Single-molecule visualization of DNA G-quadruplex formation in live cells

Affiliations

Single-molecule visualization of DNA G-quadruplex formation in live cells

Marco Di Antonio et al. Nat Chem. 2020 Sep.

Abstract

Substantial evidence now exists to support that formation of DNA G-quadruplexes (G4s) is coupled to altered gene expression. However, approaches that allow us to probe G4s in living cells without perturbing their folding dynamics are required to understand their biological roles in greater detail. Herein, we report a G4-specific fluorescent probe (SiR-PyPDS) that enables single-molecule and real-time detection of individual G4 structures in living cells. Live-cell single-molecule fluorescence imaging of G4s was carried out under conditions that use low concentrations of SiR-PyPDS (20 nM) to provide informative measurements representative of the population of G4s in living cells, without globally perturbing G4 formation and dynamics.
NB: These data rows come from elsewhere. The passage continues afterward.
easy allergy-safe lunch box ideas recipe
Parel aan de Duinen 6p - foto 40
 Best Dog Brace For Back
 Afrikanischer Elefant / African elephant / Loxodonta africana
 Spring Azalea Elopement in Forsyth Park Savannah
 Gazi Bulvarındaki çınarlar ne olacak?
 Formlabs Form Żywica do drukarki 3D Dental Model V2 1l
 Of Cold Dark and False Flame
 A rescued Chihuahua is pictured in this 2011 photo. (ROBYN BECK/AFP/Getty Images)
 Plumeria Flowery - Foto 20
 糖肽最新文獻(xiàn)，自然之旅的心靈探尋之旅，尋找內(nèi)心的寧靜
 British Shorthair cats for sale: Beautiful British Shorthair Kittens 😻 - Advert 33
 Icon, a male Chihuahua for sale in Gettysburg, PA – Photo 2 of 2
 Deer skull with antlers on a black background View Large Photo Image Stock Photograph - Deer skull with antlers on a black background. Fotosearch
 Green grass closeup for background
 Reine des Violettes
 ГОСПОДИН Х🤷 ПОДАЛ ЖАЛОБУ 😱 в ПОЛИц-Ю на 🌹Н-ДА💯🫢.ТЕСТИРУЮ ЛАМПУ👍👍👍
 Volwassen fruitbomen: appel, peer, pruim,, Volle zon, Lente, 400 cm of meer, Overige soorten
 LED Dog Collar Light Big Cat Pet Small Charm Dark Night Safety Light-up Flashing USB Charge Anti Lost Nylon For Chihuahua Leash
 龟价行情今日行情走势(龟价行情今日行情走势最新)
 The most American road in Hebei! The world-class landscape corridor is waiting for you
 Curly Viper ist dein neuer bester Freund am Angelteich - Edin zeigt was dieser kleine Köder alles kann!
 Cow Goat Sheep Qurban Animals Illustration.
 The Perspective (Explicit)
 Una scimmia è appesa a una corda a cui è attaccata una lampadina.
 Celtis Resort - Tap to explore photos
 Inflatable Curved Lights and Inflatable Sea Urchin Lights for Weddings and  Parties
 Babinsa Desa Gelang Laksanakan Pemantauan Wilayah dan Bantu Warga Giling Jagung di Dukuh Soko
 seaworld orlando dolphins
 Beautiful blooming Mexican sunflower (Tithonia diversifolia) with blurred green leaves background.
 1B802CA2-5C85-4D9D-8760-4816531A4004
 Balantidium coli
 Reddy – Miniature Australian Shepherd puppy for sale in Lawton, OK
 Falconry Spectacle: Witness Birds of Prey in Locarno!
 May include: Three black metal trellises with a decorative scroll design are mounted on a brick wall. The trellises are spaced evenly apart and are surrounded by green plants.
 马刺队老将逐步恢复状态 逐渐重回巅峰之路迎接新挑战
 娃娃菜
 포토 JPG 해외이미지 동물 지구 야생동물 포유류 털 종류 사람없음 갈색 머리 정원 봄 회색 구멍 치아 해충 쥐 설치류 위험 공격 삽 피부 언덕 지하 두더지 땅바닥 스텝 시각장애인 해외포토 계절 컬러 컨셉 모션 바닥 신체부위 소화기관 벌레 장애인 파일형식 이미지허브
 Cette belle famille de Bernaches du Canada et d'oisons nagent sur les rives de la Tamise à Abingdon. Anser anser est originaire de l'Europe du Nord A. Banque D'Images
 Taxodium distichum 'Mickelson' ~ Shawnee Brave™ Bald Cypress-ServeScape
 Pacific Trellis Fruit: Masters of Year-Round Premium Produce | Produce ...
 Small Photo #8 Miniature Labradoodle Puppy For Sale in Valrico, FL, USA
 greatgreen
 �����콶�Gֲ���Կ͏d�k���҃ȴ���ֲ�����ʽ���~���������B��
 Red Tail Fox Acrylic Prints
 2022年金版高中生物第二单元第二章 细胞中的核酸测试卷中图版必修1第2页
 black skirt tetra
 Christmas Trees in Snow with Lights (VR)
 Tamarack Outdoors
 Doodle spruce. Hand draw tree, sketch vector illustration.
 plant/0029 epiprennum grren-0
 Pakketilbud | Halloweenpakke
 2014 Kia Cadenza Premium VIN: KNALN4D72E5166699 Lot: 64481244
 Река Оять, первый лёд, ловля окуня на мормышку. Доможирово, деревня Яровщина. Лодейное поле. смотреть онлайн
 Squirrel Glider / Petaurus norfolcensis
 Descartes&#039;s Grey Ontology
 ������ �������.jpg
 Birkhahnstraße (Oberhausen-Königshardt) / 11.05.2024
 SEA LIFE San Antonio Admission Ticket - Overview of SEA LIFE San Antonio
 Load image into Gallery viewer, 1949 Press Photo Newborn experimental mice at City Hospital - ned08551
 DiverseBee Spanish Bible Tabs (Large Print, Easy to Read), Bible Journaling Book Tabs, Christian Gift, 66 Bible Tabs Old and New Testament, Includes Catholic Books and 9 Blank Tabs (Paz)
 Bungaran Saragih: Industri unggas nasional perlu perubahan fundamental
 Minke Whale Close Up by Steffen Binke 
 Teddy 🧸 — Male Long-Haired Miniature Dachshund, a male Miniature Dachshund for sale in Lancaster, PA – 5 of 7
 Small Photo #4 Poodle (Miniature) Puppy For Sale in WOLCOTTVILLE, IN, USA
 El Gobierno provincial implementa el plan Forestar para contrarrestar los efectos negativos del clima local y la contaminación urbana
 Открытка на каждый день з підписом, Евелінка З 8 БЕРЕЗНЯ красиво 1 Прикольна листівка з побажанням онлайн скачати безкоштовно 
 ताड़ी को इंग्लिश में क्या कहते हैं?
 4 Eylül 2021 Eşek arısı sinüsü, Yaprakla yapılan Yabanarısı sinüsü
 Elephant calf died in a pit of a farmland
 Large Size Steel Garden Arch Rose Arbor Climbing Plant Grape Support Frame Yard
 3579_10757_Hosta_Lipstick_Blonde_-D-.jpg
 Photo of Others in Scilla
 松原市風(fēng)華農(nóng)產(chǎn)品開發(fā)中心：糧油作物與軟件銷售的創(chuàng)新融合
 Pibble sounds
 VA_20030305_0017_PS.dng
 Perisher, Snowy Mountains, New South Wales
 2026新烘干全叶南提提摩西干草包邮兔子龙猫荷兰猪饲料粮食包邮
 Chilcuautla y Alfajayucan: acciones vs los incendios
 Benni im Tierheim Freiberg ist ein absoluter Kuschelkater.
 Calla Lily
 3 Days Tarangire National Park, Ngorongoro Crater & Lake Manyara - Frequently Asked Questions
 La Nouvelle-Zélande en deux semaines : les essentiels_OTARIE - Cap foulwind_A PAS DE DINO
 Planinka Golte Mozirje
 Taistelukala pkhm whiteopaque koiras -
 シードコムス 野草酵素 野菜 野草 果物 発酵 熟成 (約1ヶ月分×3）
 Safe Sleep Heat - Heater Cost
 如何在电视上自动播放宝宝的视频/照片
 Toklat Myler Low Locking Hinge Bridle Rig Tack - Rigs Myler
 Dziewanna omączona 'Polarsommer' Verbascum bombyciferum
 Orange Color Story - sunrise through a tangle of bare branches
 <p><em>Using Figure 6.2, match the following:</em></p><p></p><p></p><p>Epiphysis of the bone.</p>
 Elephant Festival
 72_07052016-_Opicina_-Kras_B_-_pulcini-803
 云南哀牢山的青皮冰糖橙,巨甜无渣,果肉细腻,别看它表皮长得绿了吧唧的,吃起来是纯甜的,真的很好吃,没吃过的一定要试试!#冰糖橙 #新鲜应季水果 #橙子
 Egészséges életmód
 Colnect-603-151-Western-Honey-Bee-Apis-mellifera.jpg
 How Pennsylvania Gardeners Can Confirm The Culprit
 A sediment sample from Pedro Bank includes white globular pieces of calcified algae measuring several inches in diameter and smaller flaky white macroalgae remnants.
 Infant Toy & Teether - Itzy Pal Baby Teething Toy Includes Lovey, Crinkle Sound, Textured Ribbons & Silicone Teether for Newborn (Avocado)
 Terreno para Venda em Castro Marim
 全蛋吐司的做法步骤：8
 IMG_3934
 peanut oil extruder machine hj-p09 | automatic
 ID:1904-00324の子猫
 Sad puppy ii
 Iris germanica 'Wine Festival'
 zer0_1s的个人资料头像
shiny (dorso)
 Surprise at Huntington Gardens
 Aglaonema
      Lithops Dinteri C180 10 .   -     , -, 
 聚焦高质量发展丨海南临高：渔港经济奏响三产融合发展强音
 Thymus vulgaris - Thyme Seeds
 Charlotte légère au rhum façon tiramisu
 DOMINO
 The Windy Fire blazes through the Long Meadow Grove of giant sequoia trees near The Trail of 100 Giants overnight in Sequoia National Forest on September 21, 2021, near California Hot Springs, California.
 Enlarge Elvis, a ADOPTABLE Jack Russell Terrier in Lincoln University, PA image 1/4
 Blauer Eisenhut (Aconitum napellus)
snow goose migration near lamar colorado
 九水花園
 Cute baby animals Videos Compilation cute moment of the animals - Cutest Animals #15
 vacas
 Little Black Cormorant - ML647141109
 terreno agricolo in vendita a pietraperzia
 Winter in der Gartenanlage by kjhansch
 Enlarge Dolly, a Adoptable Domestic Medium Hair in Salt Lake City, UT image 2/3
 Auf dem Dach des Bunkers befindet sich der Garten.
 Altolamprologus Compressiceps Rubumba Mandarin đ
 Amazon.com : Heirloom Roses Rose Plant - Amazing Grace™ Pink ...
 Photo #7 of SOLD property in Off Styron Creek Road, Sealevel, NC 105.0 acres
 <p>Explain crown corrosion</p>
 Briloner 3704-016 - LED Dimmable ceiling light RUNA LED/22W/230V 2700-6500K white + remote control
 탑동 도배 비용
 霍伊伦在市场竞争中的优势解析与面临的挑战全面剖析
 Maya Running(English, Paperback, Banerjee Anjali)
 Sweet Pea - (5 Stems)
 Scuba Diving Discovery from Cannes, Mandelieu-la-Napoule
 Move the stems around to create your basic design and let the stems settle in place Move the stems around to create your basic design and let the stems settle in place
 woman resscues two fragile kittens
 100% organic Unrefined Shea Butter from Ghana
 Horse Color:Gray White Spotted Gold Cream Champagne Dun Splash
Single-molecule fluorescence imaging and time-dependent chemical trapping of unfolded G4s in living cells reveal that G4s fluctuate between folded and unfolded states. We also demonstrate that G4 formation in live cells is cell-cycle-dependent and disrupted by chemical inhibition of transcription and replication. Our observations provide robust evidence in support of dynamic G4 formation in living cells.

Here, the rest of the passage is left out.